On platforms where the natural means of testing whether one pointer is "greater than" another never has any side-effect other than yielding a true or false value, application of the relational operators to arbitrary pointers could likewise be relied upon never to have any side-effects other than yielding a true or false value.
On platforms where two or more integer types shared the same size and representation, a pointer to any such integer type could be relied upon to read or write information of any other type with the same representation.

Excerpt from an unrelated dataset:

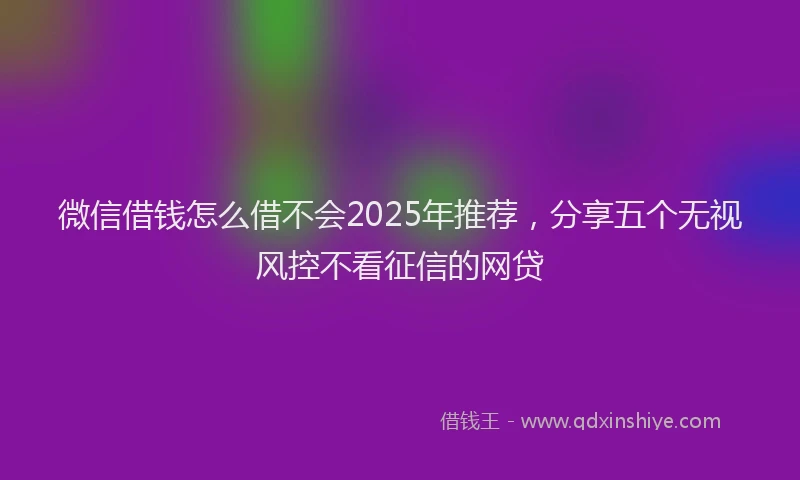 微信借钱怎么借不会2025年推荐，分享五个无视风控不看征信的网贷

On two's-complement platforms where integer overflows naturally wrap silently, an operation involving an unsigned values smaller than "int" could be relied upon to behave as though the value was unsigned in cases where the result would be between INT_MAX+1u and UINT_MAX and it was not promoted to a larger type, nor used as the left operand of >>, nor either operand of /, %, or any comparison operator. Incidentally, the rationale for the Standard gives this as one of the reasons small unsigned types promote to signed.
Prior to C89, it was unclear to what lengths compilers for platforms where the above assumptions wouldn't naturally hold might be expected to go to uphold those assumptions anyway, but there was little doubt that compilers for platforms which could easily and cheaply uphold such assumptions should do so. The authors of the C89 Standard didn't bother to expressly say that because:
Compilers whose writers weren't being deliberately obtuse would continue doing such things when practical without having to be told (the rationale given for promoting small unsigned values to signed strongly reinforces this view).
The Standard only required implementations to be capable of running one possibly-contrived program without a stack overflow, and recognized that while an obtuse implementation could treat any other program as invoking Undefined Behavior but didn't think it was worth worrying about obtuse compiler writers writing implementations that were "conforming" but useless.
Although "C89" was interpreted contemporaneously as meaning "the language defined by C89, plus whatever additional features and guarantees the platform provides", the authors of gcc have been pushing an interpretation which excludes any features and guarantees beyond those mandated by C89.
The biggest single difference, I think, is function prototyping and the syntax for describing the types of function arguments.
Despite all the claims to the contary K&R was and is quite capable of providing any sort of stuff from low down close to the hardware on up.
The problem now is to find a compiler (preferably free) that can give a clean compile on a couple of millions of lines of K&R C without out having to mess with it.And running on something like a AMD multi core processor.
As far as I can see, having looked at the source of the GCC 4.x.x series there is no simple hack to reactivate the -traditional and -cpp-traditional lag functionality to their previous working state without without more effor than I am prepered to put in. And simpler to build a K&R pre-ansi compiler from scratch.